Records
-=-=-=-=-
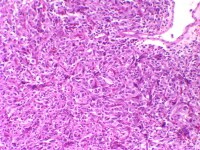 Bladder Paraganglioma Pathology Bladder Paraganglioma Pathology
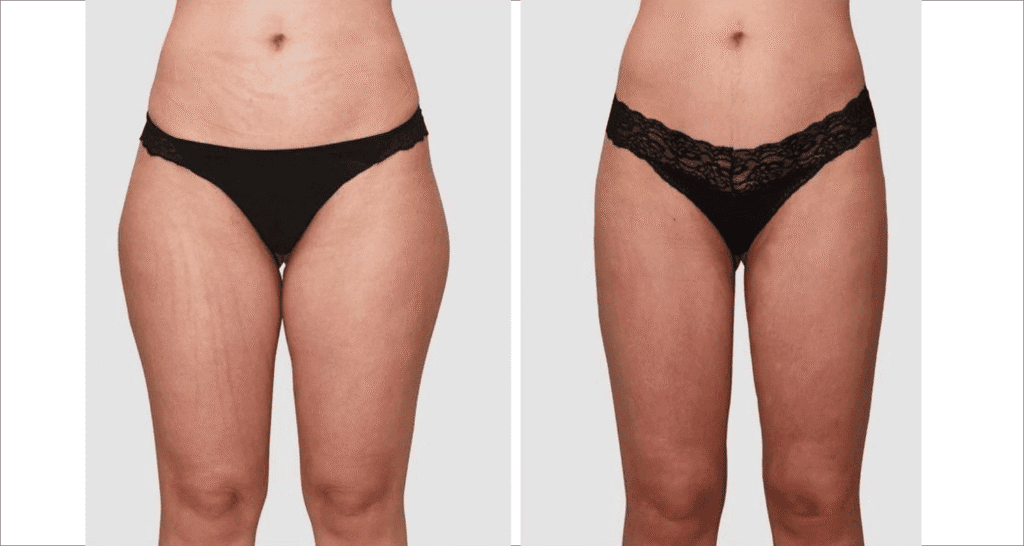 Vorher/Nachher Ergebnis: Fettabsaugung Reiterhosen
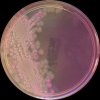 Salmonella Typhimurium, Escherichia coli, Proteus mirabilis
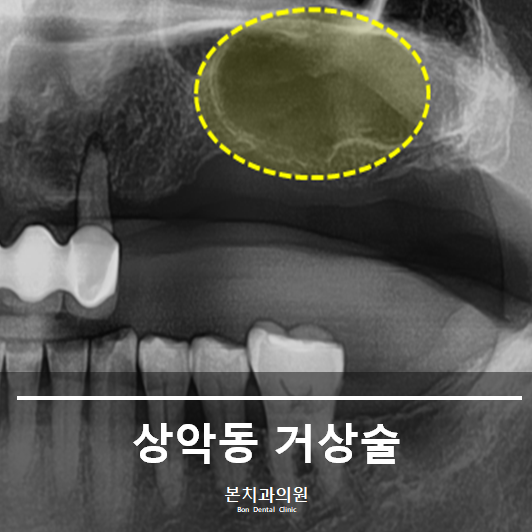 Multi-Sinus Dental 상악동 리프팅 치과를 선택하는 것이 왜 중요한가요? 6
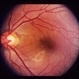 Bilateral Serous Detachments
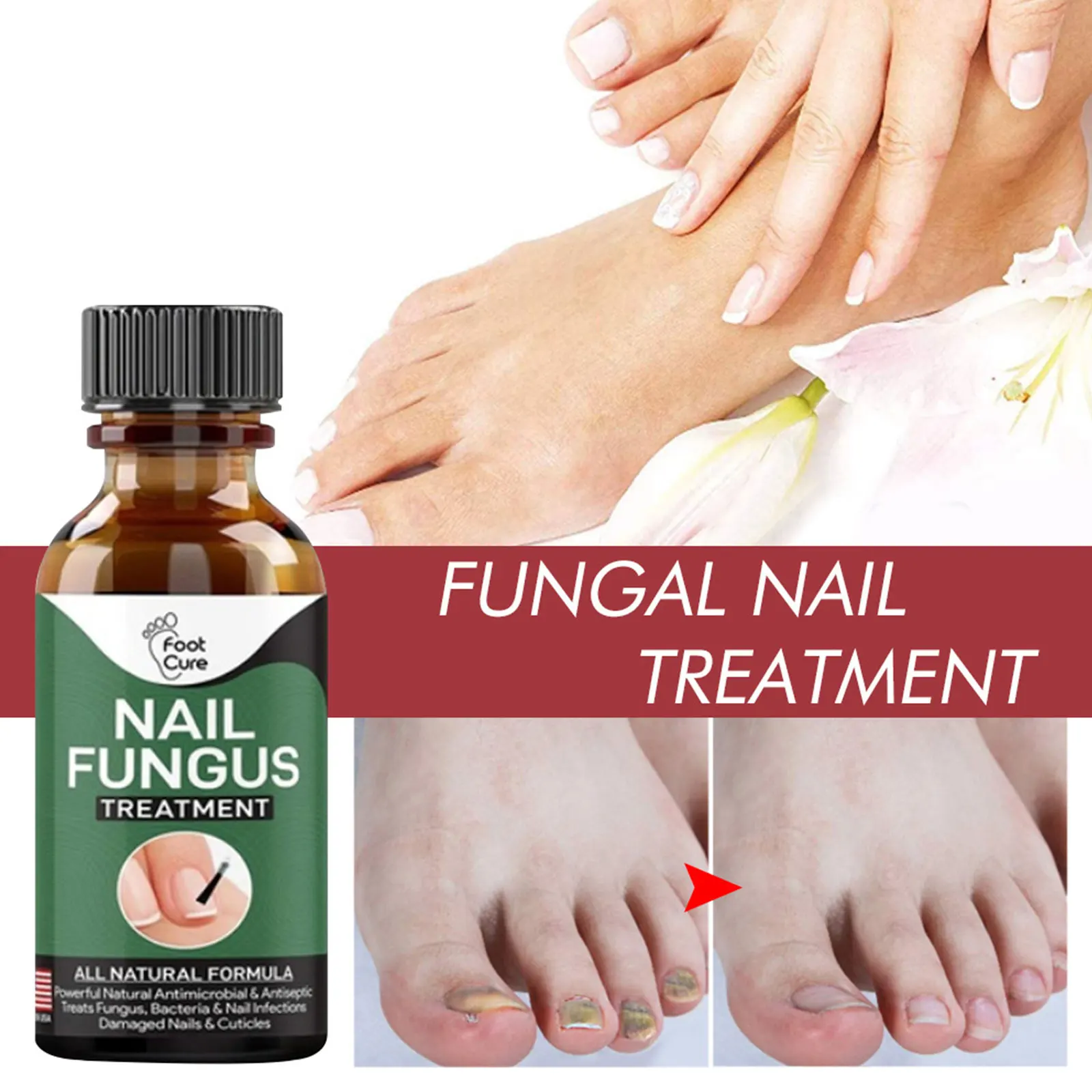 

30ml Nail Repair Serum Essences Fungal Care Treatments Foot Nail Fungus Removal Gel Anti-infective Paronychia Onychomycosis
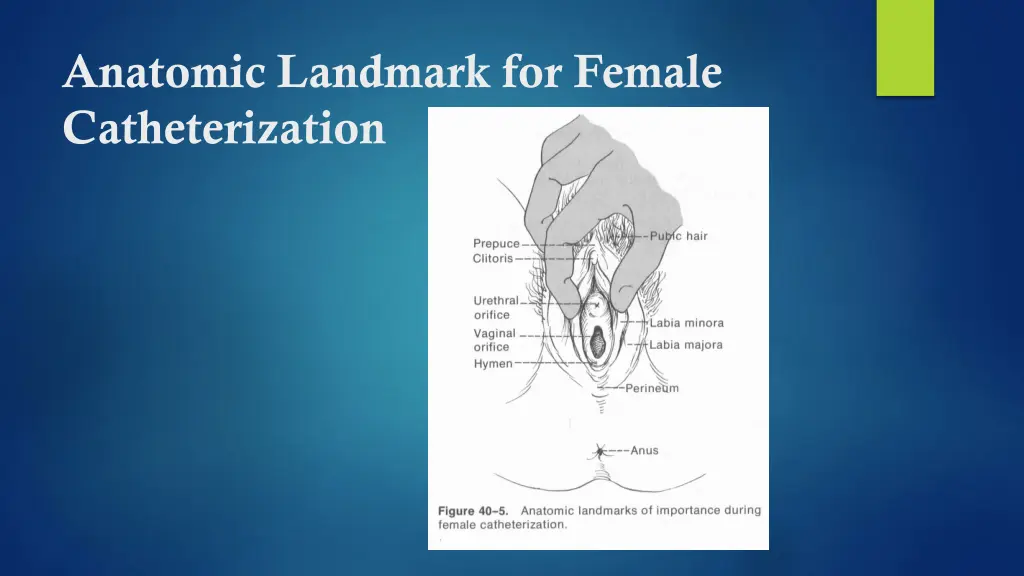 anatomic landmark for female catheterization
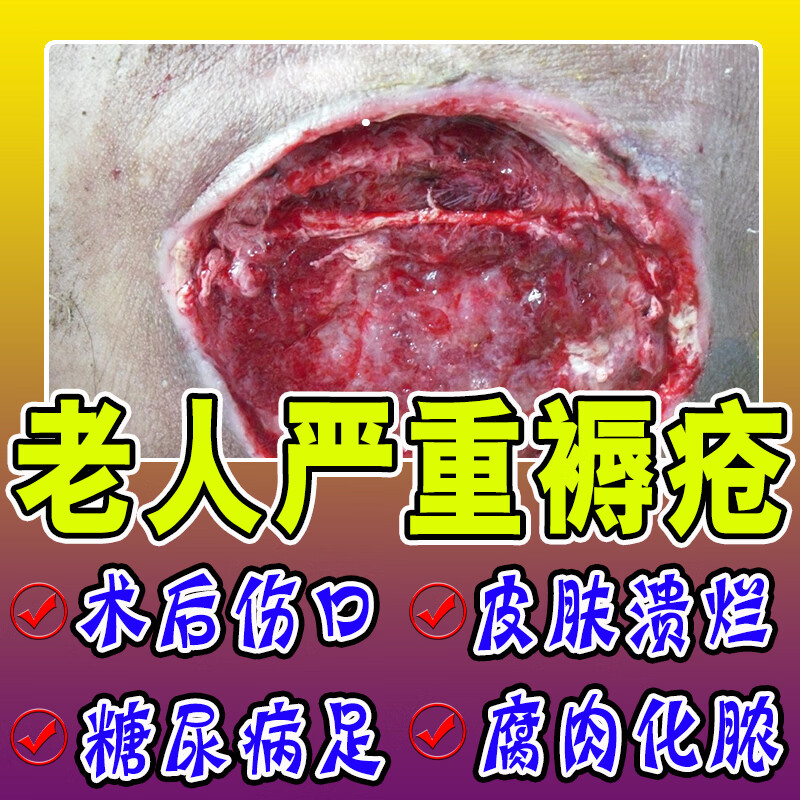 橡皮腐去生肌膏 伤口愈合同仁仁堂生肌膏长肉愈合伤口褥疮膏老人臀部
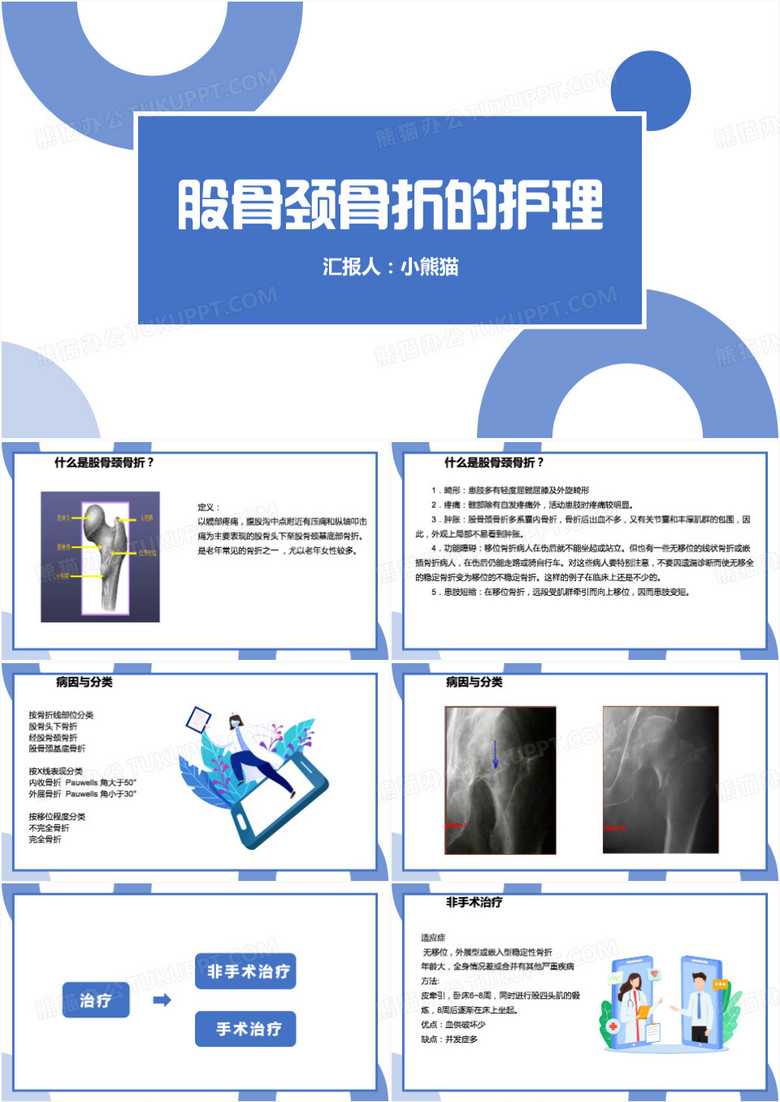 简约风股骨颈骨折护理查房PPT模板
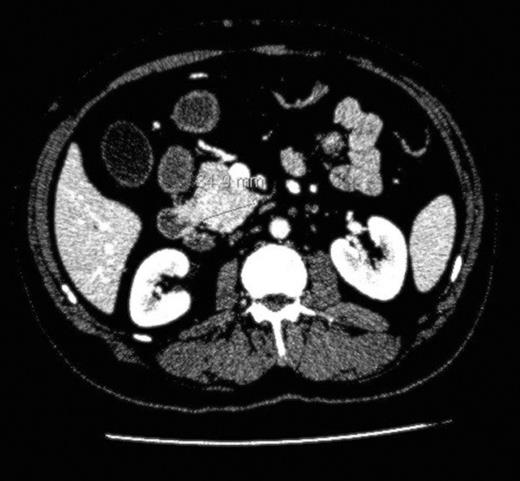 Lesion in uncinate process of the pancreas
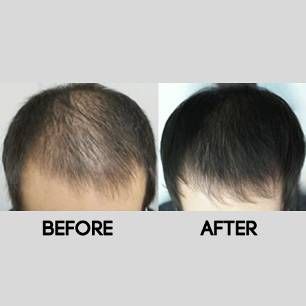 hair-growth-thumb-2-161216-58542a6cdc148.jpg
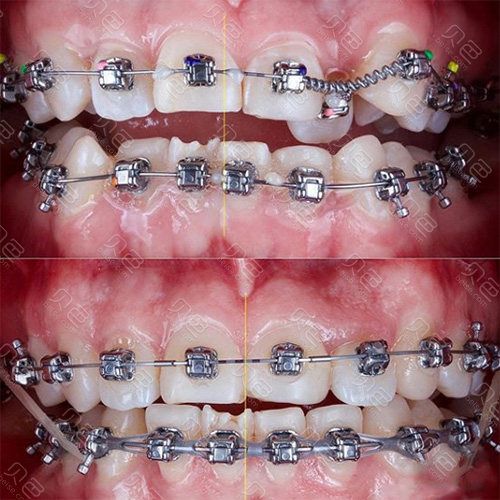 矫正牙齿要带多久弹簧-图3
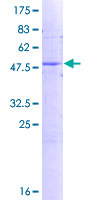ab162501 on a 12.5% SDS-PAGE stained with Coomassie Blue.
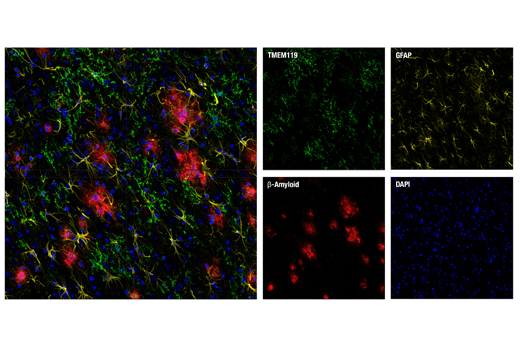 Immunofluorescence Image 2: TMEM119 (E3E1O) Rabbit mAb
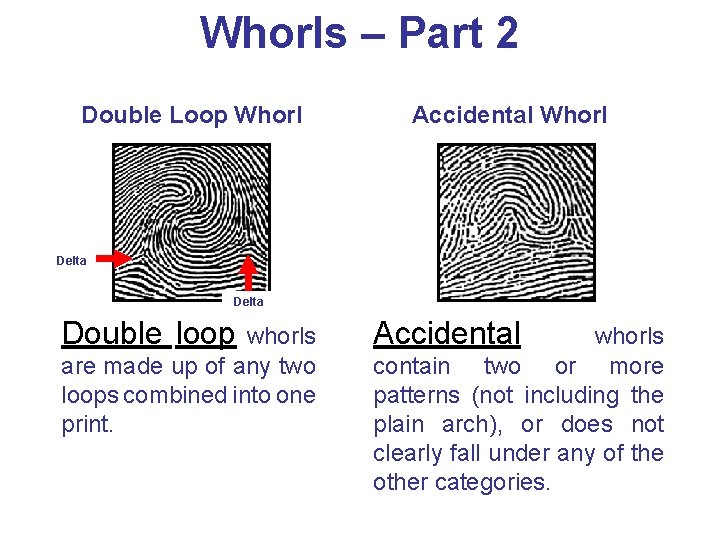 Whorls – Part 2 Double Loop Whorl Accidental Whorl Delta Double loop whorls are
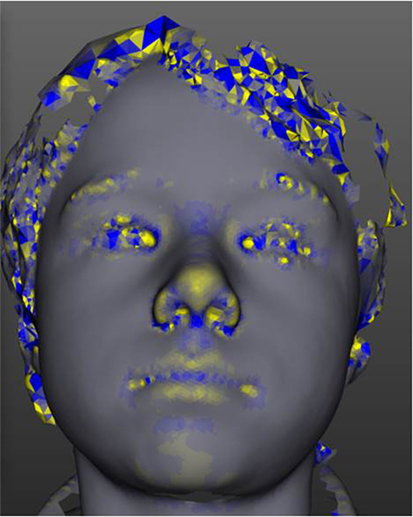 Frontiers 3 Dimensional Facial Analysis—facing Precision Public Health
-=-=-=-=-
Prompt
Please repeat the listing precisely, excluding the pictures it contains.

Exercise solution
 Bladder Paraganglioma Pathology Bladder Paraganglioma Pathology
 Vorher/Nachher Ergebnis: Fettabsaugung Reiterhosen
 Salmonella Typhimurium, Escherichia coli, Proteus mirabilis
 Multi-Sinus Dental 상악동 리프팅 치과를 선택하는 것이 왜 중요한가요? 6
 Bilateral Serous Detachments

30ml Nail Repair Serum Essences Fungal Care Treatments Foot Nail Fungus Removal Gel Anti-infective Paronychia Onychomycosis
 anatomic landmark for female catheterization
 橡皮腐去生肌膏 伤口愈合同仁仁堂生肌膏长肉愈合伤口褥疮膏老人臀部
 简约风股骨颈骨折护理查房PPT模板
 Lesion in uncinate process of the pancreas
 hair-growth-thumb-2-161216-58542a6cdc148.jpg
 矫正牙齿要带多久弹簧-图3
ab162501 on a 12.5% SDS-PAGE stained with Coomassie Blue.
 Immunofluorescence Image 2: TMEM119 (E3E1O) Rabbit mAb
 Whorls – Part 2 Double Loop Whorl Accidental Whorl Delta Double loop whorls are
 Frontiers 3 Dimensional Facial Analysis—facing Precision Public Health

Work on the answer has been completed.